Print the entries below exactly as they appear, from the first line up to and including the line with "TASTOS Matte Black". Do not print any pictures.

Records provided below:

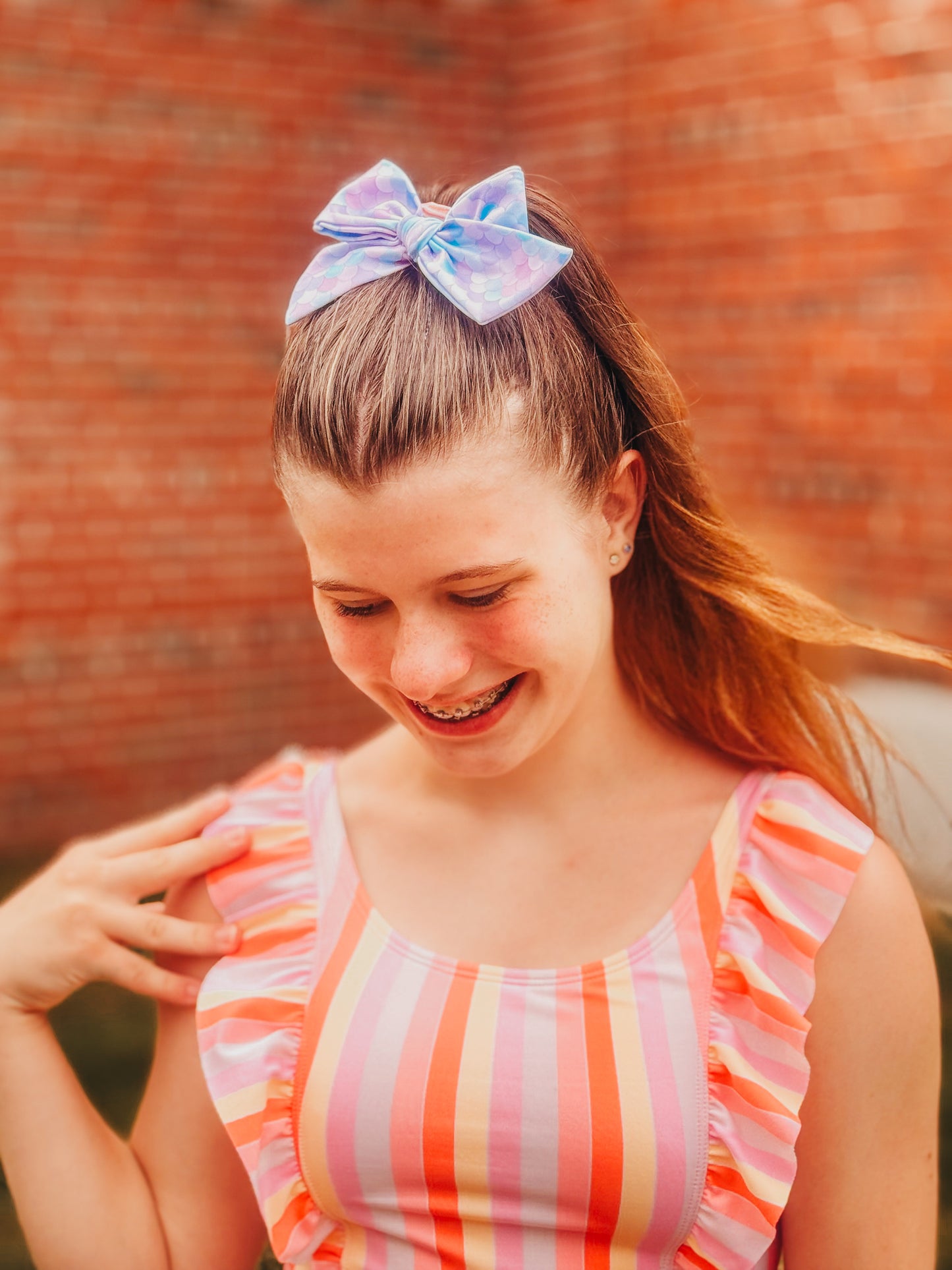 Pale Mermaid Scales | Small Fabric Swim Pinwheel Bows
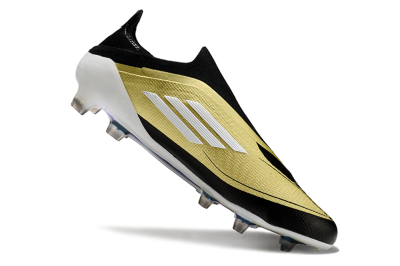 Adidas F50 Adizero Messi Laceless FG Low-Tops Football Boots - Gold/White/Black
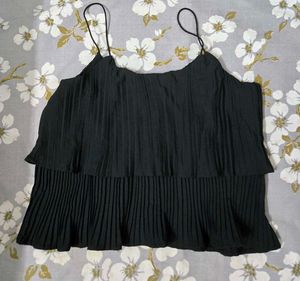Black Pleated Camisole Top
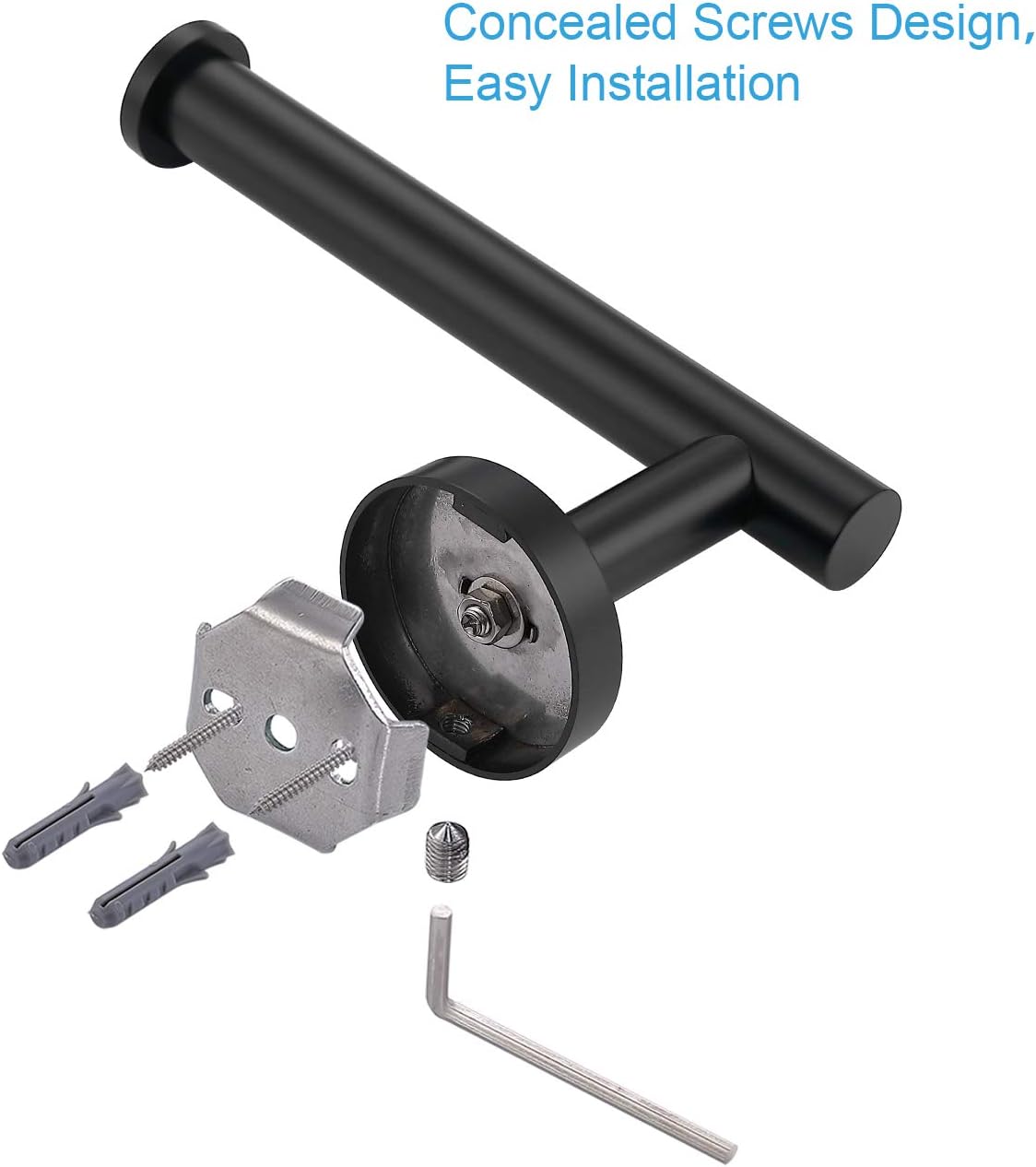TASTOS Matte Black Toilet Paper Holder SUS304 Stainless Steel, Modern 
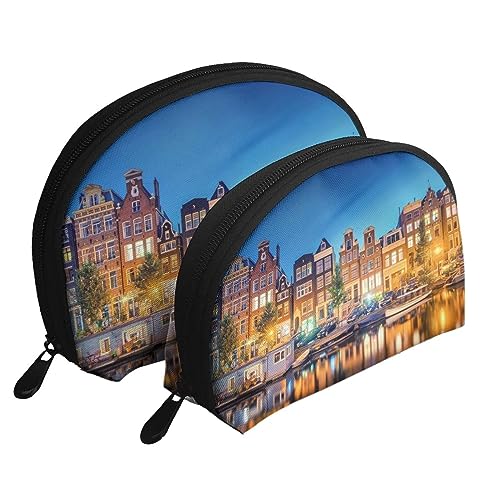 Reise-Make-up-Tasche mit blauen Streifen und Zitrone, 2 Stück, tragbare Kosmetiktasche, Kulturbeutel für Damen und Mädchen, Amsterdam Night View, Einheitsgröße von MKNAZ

End of Records provided.

» Output for this task:
 Pale Mermaid Scales | Small Fabric Swim Pinwheel Bows
 Adidas F50 Adizero Messi Laceless FG Low-Tops Football Boots - Gold/White/Black
Black Pleated Camisole Top
TASTOS Matte Black Toilet Paper Holder SUS304 Stainless Steel, Modern 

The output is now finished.